Chad Kilgore

No. 50
- Position: Linebacker

Personal information
- Born: August 8, 1989 (age 36) Orrick, Missouri, U.S.
- Height: 6 ft 1 in (1.85 m)
- Weight: 230 lb (104 kg)

Career information
- High school: Excelsior Springs (MO)
- College: Northwest Missouri State
- NFL draft: 2012: undrafted

Career history
- Oakland Raiders (2012)*; Sacramento Mountain Lions (2012); Saskatchewan Roughriders (2013)*; Kansas City Chiefs (2013)*; Saskatchewan Roughriders (2014–2015);
- * Offseason and/or practice squad member only

Awards and highlights
- NCAA Division II national champion (2009);
- Stats at CFL.ca (archive)

= Chad Kilgore =

American gridiron football player (born 1989)

Chad Kilgore (born August 8, 1989) is an American former professional football linebacker. He played college football at Northwest Missouri State University. He was a member of the Oakland Raiders, Sacramento Mountain Lions, Saskatchewan Roughriders and Kansas City Chiefs.

==Early life==
Kilgore played high school football at Excelsior Springs High School in Excelsior Springs, Missouri. He was a first-team all-state linebacker, first-team all-district and all-conference linebacker and running back. He was also a team captain for the Tigers. He earned all-state, all-district and all-conference honors as a linebacker in 2006.

==College career==
Kilgore played football for the Northwest Missouri State Bearcats.
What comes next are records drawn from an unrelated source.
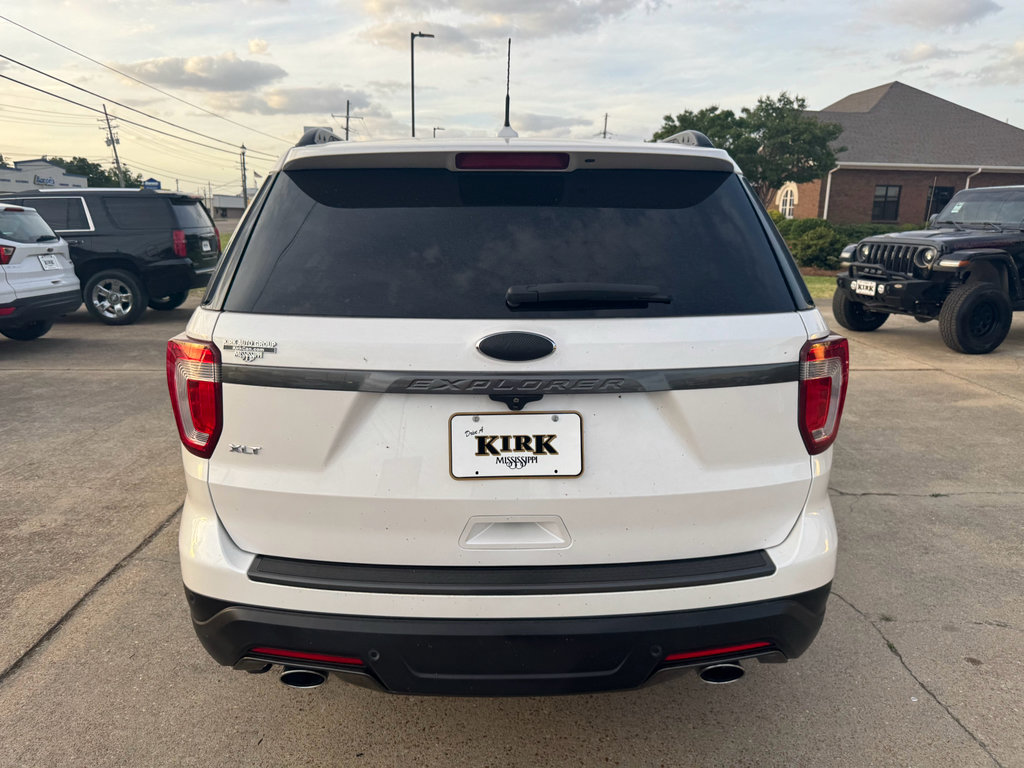 Used 2018 Ford Explorer XLT w/ Equipment Group 202A image 4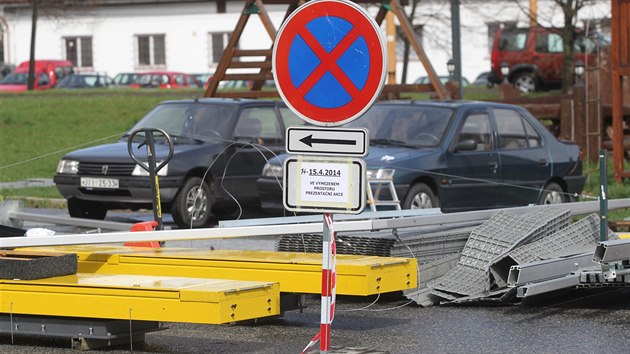 Na znace informujc o zboru parkovit se pitom objevilo k edn povolenmu datu zboru 15. dubna i datum o den dve dopsan lihovou fixou. Firma mla ohlen zbor 350 metr tverench.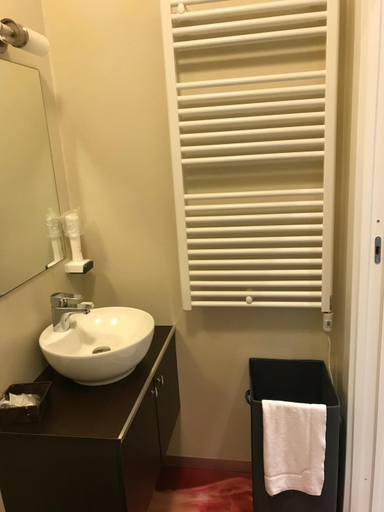 Bedroom 4, Hotel Elys, Milano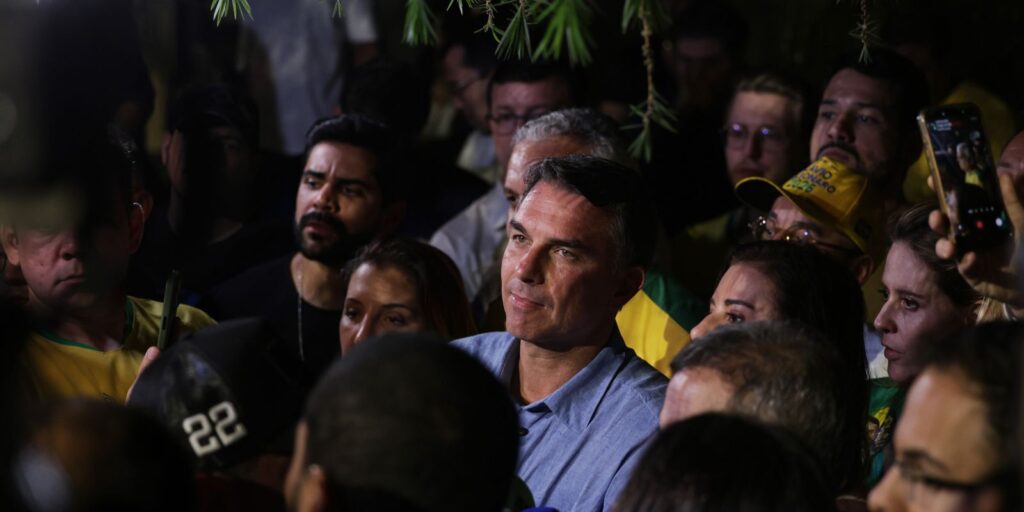 Flávio Bolsonaro condiciona abertura de sigilos a exigências feitas a Lula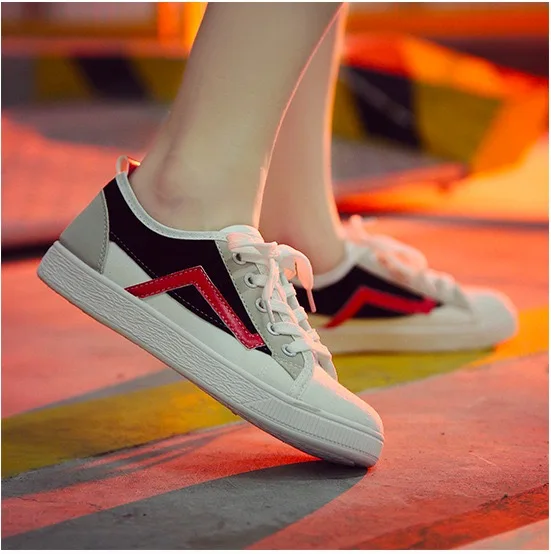 Новинка 2019 года Повседневная обувь в стиле пэчворк с перекрестными ремешками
He was named defensive MVP of the Bearcats as a junior. Kilgore was named first-team All-MIAA as a sophomore. He was also named Redshirt Freshman of the Year. He finished his college career with 392 tackles, 21.5 tackles for loss, 21 pass knockdowns, five forced fumbles, five interceptions, and 5.5 quarterback sacks.

==Professional career==
Kilgore was signed by the Oakland Raiders of the National Football League (NFL) on July 29, 2012 after going undrafted in the 2012 NFL draft. He was released by the Raiders on August 31, 2012.

Kilgore spent the 2012 season with the Sacramento Mountain Lions of the United Football League. The 2012 season was halted early due to league financial difficulties, and Kilgore said it was obvious that there were money problems with the league. He said that the "whole demeanor of the team was, 'This is a joke.'"

Kilgore signed with the Saskatchewan Roughriders of the Canadian Football League (CFL) in December 2012. He was signed by the NFL's Kansas City Chiefs on March 27, 2013. He approached Saskatchewan leadership about getting out of his contract. Kilgore said they "were extremely cool about it" and indicated that the Roughriders would like to have him rejoin the team if he did not succeed in the NFL. He was released by the Chiefs on August 14, 2013. Upon his release, Kilgore was described as having been a longshot to make the roster. He was waived in order to clear roster space for cornerback Kennard Cox.

Kilgore signed with the Roughriders on March 6, 2014. He suffered a broken thumb in a June 2014 preseason game and the team placed him on the six-game injured list. He was released by the Roughriders on August 7, 2015.